2/12/2001 News media contact: Tim Tanton · (615) 742-5470 · Nashville, Tenn.

By Michael Wacht*

PALM BAY, Fla. (UMNS) -- Members of Fellowship United Methodist Church plan to begin an unusual circuit ride of prayer around their state in April.

It's unusual because neither they nor their pastor will be making the ride themselves. Instead, they will send two prayer journals on a journey of nearly 54,000 square miles through a project called the "Circuit Ride for the New Millennium."

The Rev. Deborah Mak, Fellowship's pastor, said the idea came from a church Bible study group that was reading a book by the Rev. Terry Teykl, a United Methodist elder from Texas and full-time prayer evangelist. Teykl wrote about a group of pastors in Arizona who drove around the state praying for awakening.

"Someone said, 'That would be good for our state,' " Mak said. "I told them that if this church did it, that would mean their pastor would be gone for a long time."

The idea evolved into a traveling prayer journal that would start at Fellowship Church. Members would write their prayers in the journal, then send it to the next church. Each church along the way would celebrate the journal, reading and praying for other churches' requests, add its own prayers and carry the book to the next location.

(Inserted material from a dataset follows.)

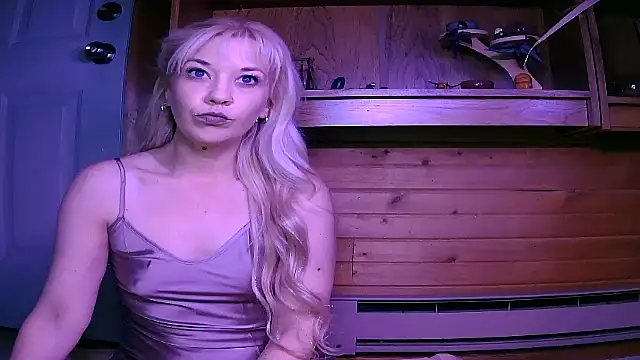 Snapshot of lyra_rose chatting on March 22, 2025, 4:56 am lyra rose online show from March 22, 2025, 4:56 am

Thirty-one churches "from Madison to Marathon" answered the initial invitation to be involved, Mak said. The greatest concentration of churches is in the Jacksonville area.

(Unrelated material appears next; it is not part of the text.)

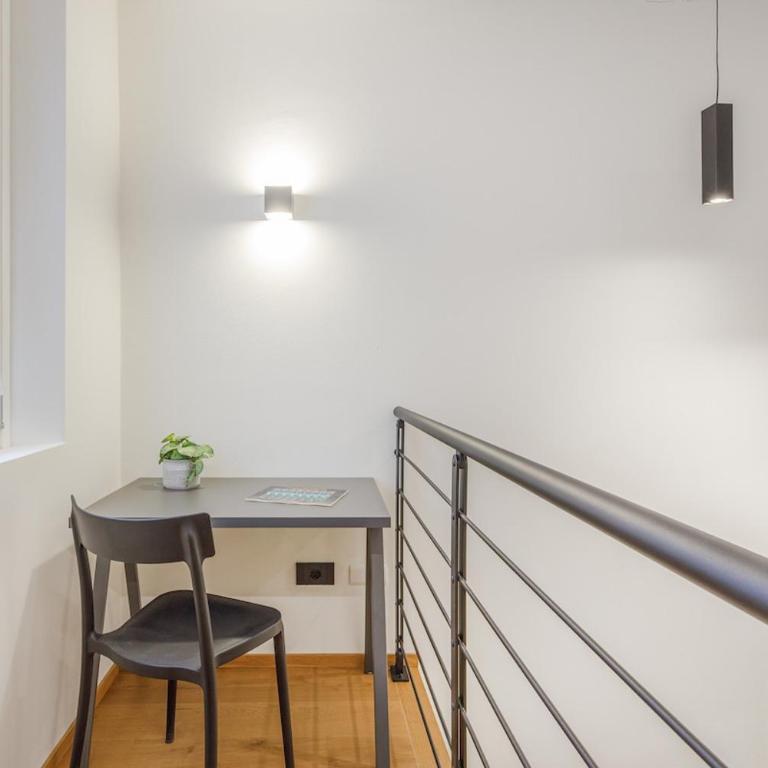 Stylish Loft with Private Garage near Ghirlandina - One-Bedroom Superior Apartment - 21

Tracking the responses on a large map in the narthex of the church, Mak said she realized they would need two journals to cover the state without asking anyone to drive for most of a day to reach the next location.

The goal of the circuit ride is to prepare the state for a massive evangelistic effort.

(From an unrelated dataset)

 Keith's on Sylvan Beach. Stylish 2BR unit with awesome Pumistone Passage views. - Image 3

"Prayer is evangelism, and evangelism without prayer doesn't work," Mak said. "We need to establish a foundation of prayer, beyond our church, our districts and even our denomination. Christians must commit to prayer to soften the hearts of nonbelievers and prepare believers for Christian service."

The Rev. Waite Willis, a United Methodist elder and professor at Florida Southern College in Lakeland, asked Mak if she had any plans to follow up the Circuit Ride with "concrete missional opportunities to get the unchurched."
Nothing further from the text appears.